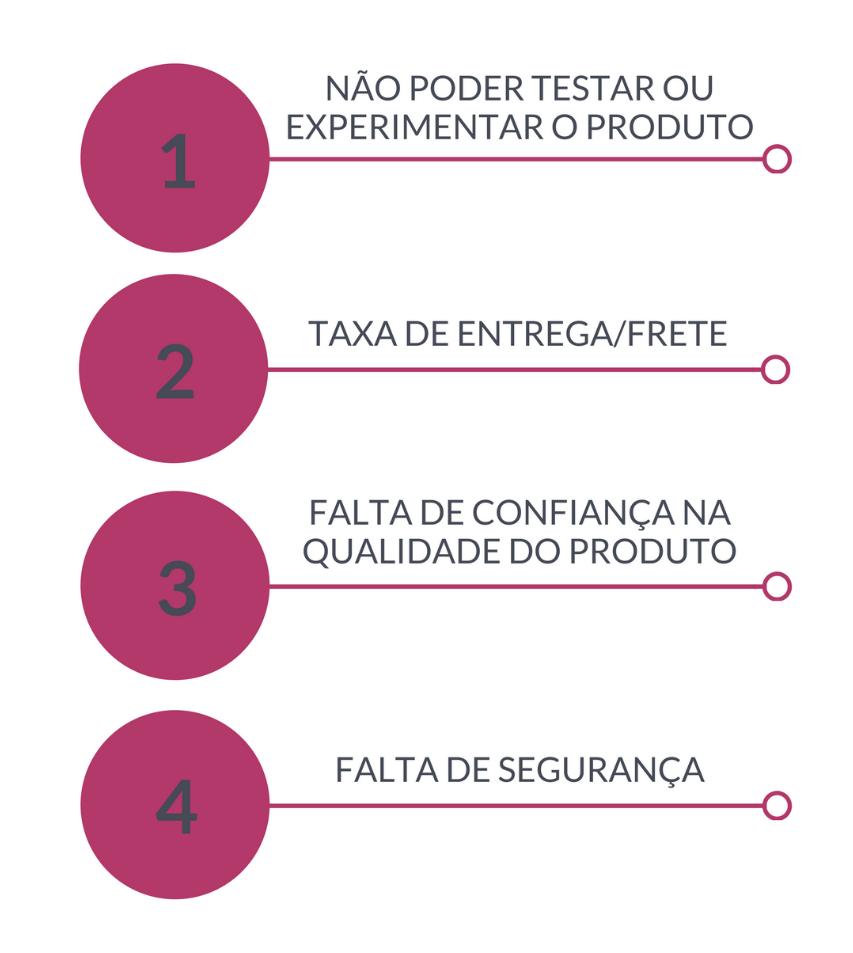 O QUE AINDA PRECISA EVOLUIR?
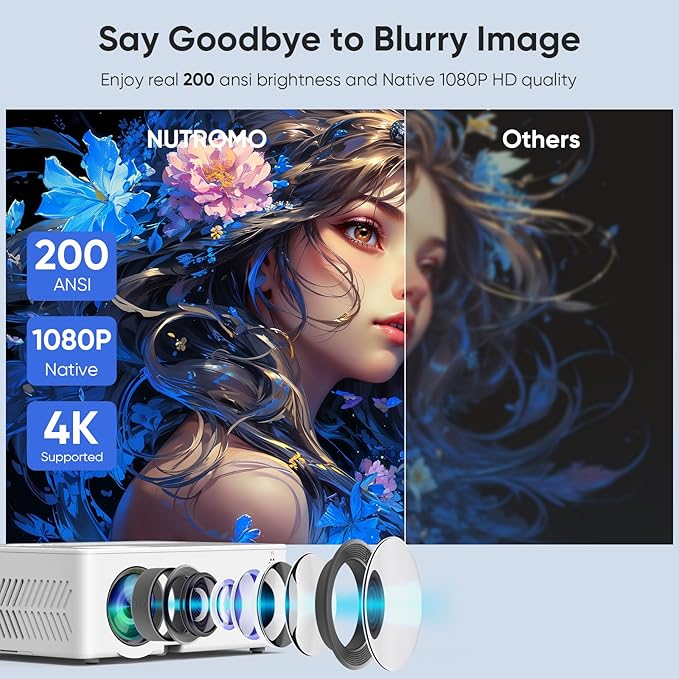 Mini Projector with WiFi and Bluetooth Native 1080P 4K Support, Portable Movie Projector with Screen, Compatible with Smartphone, HDMI, TV Stick for Home, Bedroom, Outdoor Use
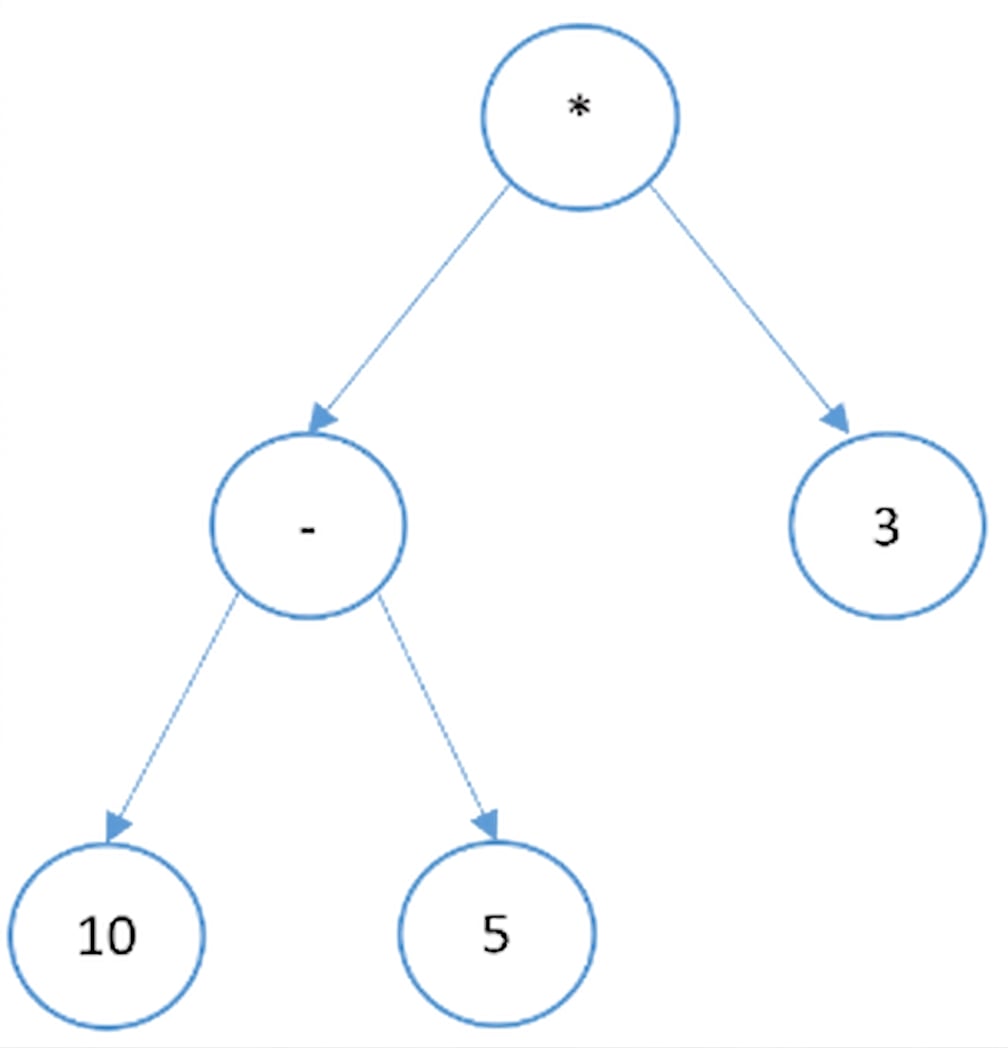 Graphical representation of a binary tree that has arithmetic expressions.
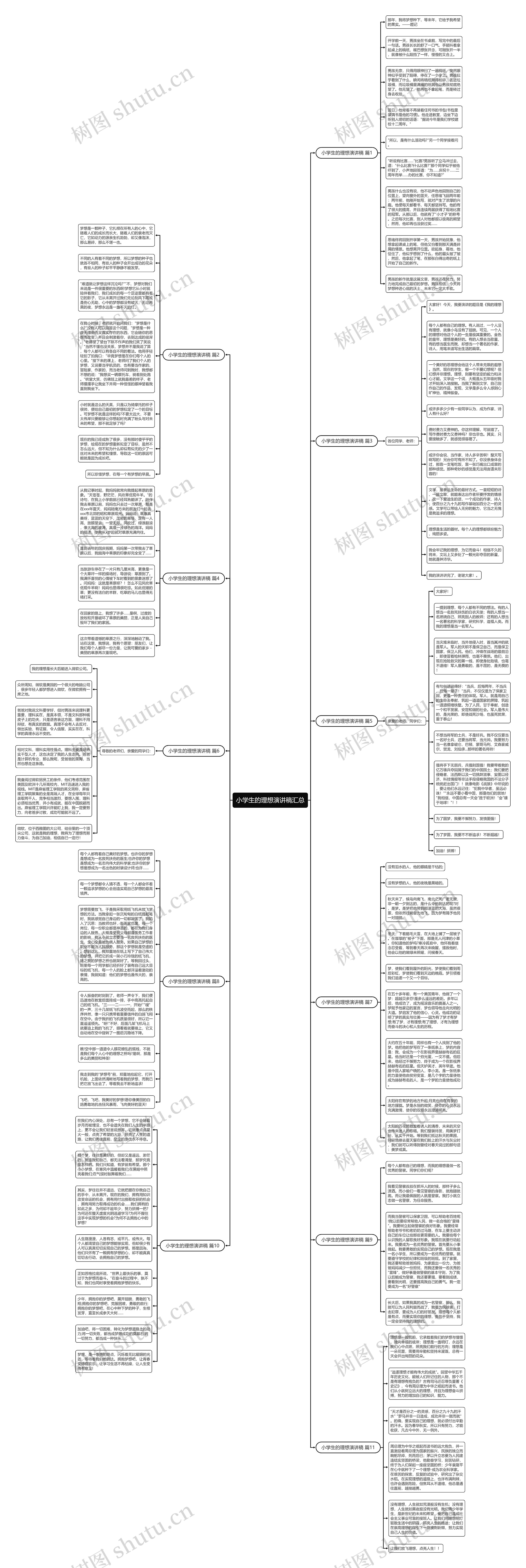 小学生的理想演讲稿汇总思维导图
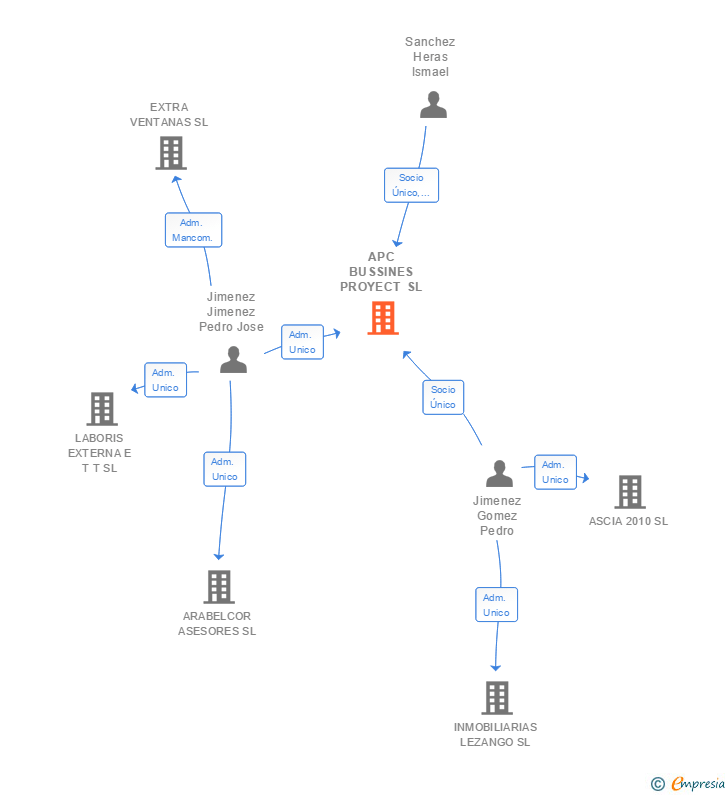 Vinculaciones societarias de APC BUSSINES PROYECT SL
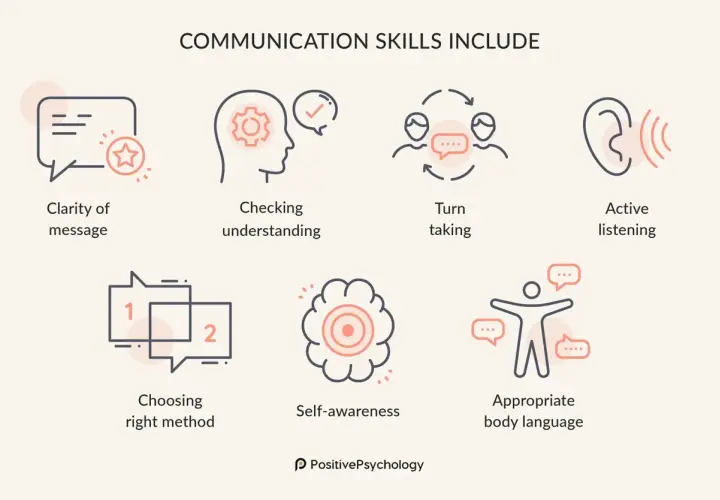 Communication skills include clarity, checking understanding, turn-taking, active listening, choosing the right method, self-awareness, and appropriate body language, all fostering understanding and compassion.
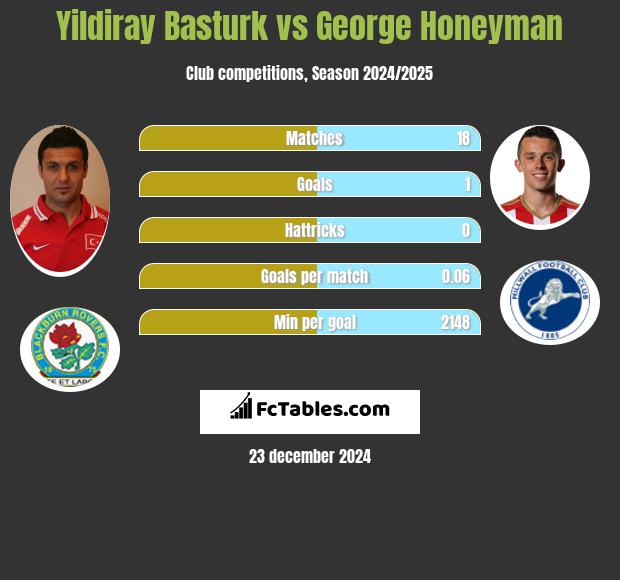 Yildiray Basturk vs George Honeyman h2h player stats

○ ○ ○

TASK BRIEF:
Output exactly the stretch of the listing that begins at the line containing "Mini Projector with" and ends at the line containing "Vinculaciones societarias de", both kept. Omit pictures and everything else.

TASK RESULT:
 Mini Projector with WiFi and Bluetooth Native 1080P 4K Support, Portable Movie Projector with Screen, Compatible with Smartphone, HDMI, TV Stick for Home, Bedroom, Outdoor Use
 Graphical representation of a binary tree that has arithmetic expressions.
 小学生的理想演讲稿汇总思维导图
 Vinculaciones societarias de APC BUSSINES PROYECT SL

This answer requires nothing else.